この日本人グループとは、高野岩三郎、杉森孝次郎、森戸辰男、室伏高信、岩淵辰雄、鈴木安蔵、馬場恒吾という日本の言論界に重きをなしていた7人で、戦後いち早く民間で憲法制定の準備、研究をするために「憲法研究会」をつくり、憲法草案の検討に取り組みました。特に草案の起草に深くかかわったのは鈴木安蔵です。鈴木は憲法制定史の研究者で、明治維新の自由民権運動時代に数多く作られた私的な憲法草案にも通暁していました。その中に起草者不明の、当時としては際立って急進的な「日本国国憲案」があり、鈴木はそれが誰の手になるものか知るために綿密な調査をし、ついに土佐の自由民権運動の指導的理論家、植木枝盛が起草者であることを発見しています。
「憲法研究会」で鈴木安蔵がまとめて起草した憲法草案は「憲法草案要綱」の名のもとに、昭和45年12月26日に時の日本政府に提出され、その直後にGHQで憲法問題を担当していた民政局の手にわたり、英訳されました。そこには日本国の主権は国民にあること、天皇は儀礼的な行事を行う存在であることなどが書かれていて、GHQにとっても驚くような内容でした。その案に関して民政局法規課長で憲法問題の担当者だったラウエル中佐が所見で「民主主義的で、賛成できる」と高く評価しています。

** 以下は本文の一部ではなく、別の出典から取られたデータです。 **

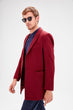 Burgundy Men 'S Front Button Pocket Coat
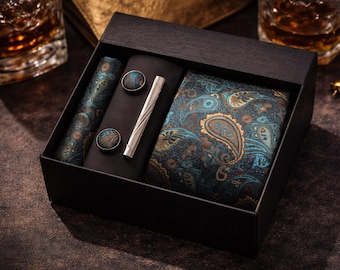 Handgefertigte Seidenkrawatte Geschenkset - Paisley Krawatte, Manschettenknöpfe & Einstecktuch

鈴木安蔵が起草した「憲法草案要綱」は、鈴木自身が明治維新の植木枝盛の「日本国国憲案」を研究し、それを参考にして作ったと言っています。それがGHQの草案に生かされ、そしていま私達が持っている日本国憲法の基本をなしているのです。主権在民、基本的人権の尊重、各種自由の保障、罪刑法定主義、地方自治、象徴天皇などを定めた憲法は形の上では当時の日本の支配層にアメリカから押しつけられたものかもしれませんが、その内容は日本の先覚者達がかくあるべしと考えたものを結実させたものと言えましょう。
もっとも私にとっては新知識である、このような憲法制定のいきさつは、一部の人々には常識なのかもしれません。インターネットで植木枝盛や鈴木安蔵を検索して彼らの憲法草案が載っているのを発見しました。興味ある方はお読みになってください。日本国憲法との共通性がよく分かります。ただし、戦争放棄、軍備解体はポツダム宣言にもとづくものなので、9条に相当する条文は日本側の両草案にはありません。